What are the Benefits of Axonics Therapy?
- Safely delivers therapy with a miniaturized implant
- Is designed to provide therapy for at least 15 years
- Is MRI compatible, allowing you to undergo a full-body MRI
- Clinically proven to provide symptom relief*
How Does Axonics Therapy Work?
The Evaluation Step: To see if Axonics Therapy is right for you, you will undergo a short period of therapy using a temporary system. The evaluation period allows you to experience the level of symptom relief the therapy may provide before you commit to long-term therapy.
Long-term Therapy: If you and your doctor determine that Axonics Therapy is right for you, you will have an outpatient procedure where the miniaturized Axonics implant is placed just beneath the skin in the upper part of your buttock.

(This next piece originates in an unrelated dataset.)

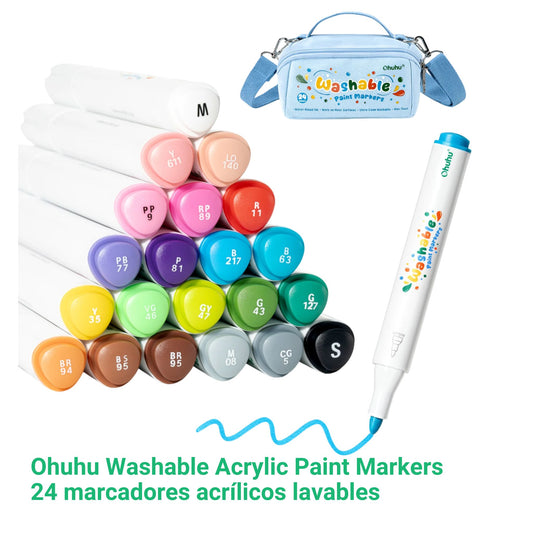 Ohuhu Washable Acrylic Paint Markers: Set de 24 marcadores acrílicos lavables punta redonda
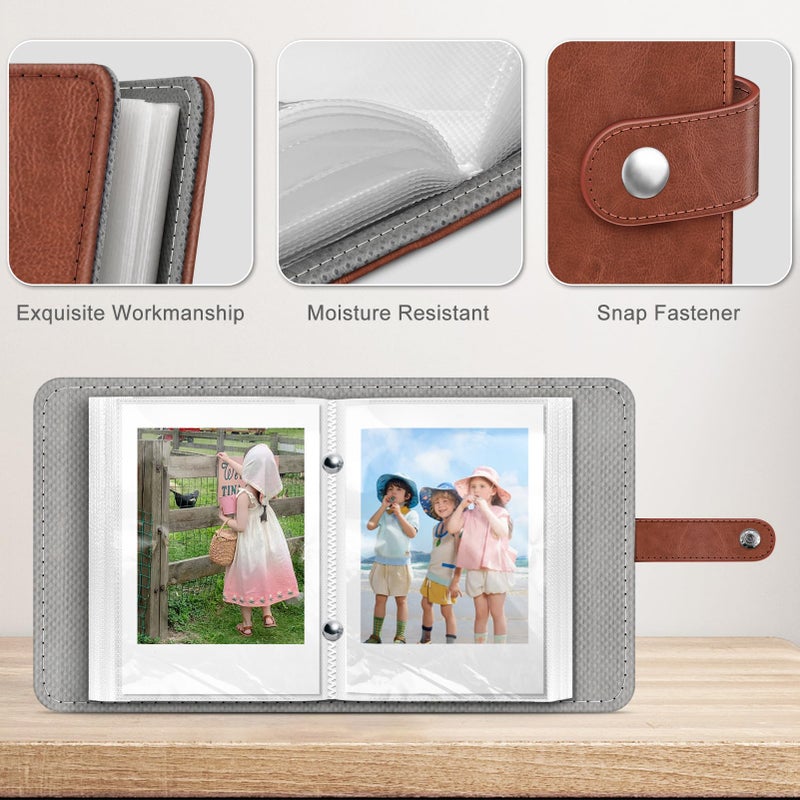 فينتي Fintie Mini Photos ألبوم كتاب للألبوم لأفلام 2 × 3 بوصة - 52 جيوبًا ألبومات صغيرة لـ Fujifilm Instax Mini Camera/Polaroid Hi -Print Pictures Kpop Photocard حامل Binder Vintage Brown - Image 3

What Is Sacral Neuromodulation?
Axonics Sacral Neuromodulation Therapy provides gentle stimulation to the nerves that control the bladder and bowel. The stimulation can restore normal communication between the brain and the bladder and bowel, which can result in an improvement of your symptoms, whether you are suffering from overactive bladder, bowel incontinence, or urinary retention.
Patient Testimonials: Clinically Proven, Patient Approved
In a clinical study of patients with urinary urgency incontinence (after 6 months of therapy),
- 93% of patients were satisfied with their therapy*
- 90% of patients experienced a ≥50% reduction in UUI symptoms*
- <2% of patients reported discomfort at the implant site
What to hear from an actual patient about their experience with the Axonics Therapy? View the videos below!
Who is a Good Candidate for Axonics Therapy?
Axonics Therapy is an approved treatment for patients suffering with:
What is Axonics Therapy Not Appropriate For?
- Stress incontinence
- Treating urinary symptoms caused by mechanical obstructions, such as benign prostatic hypertrophy, cancer, or urethral stricture
- Patients who have not demonstrated an appropriate response to an external trial
- Patient with limited cognitive function, which may make it difficult to manage their therapy
- Pregnant women, the unborn fetus, and during delivery
- Pediatric patients (under the age of 18 years for FI and under the age of 16 years for OAB and UR)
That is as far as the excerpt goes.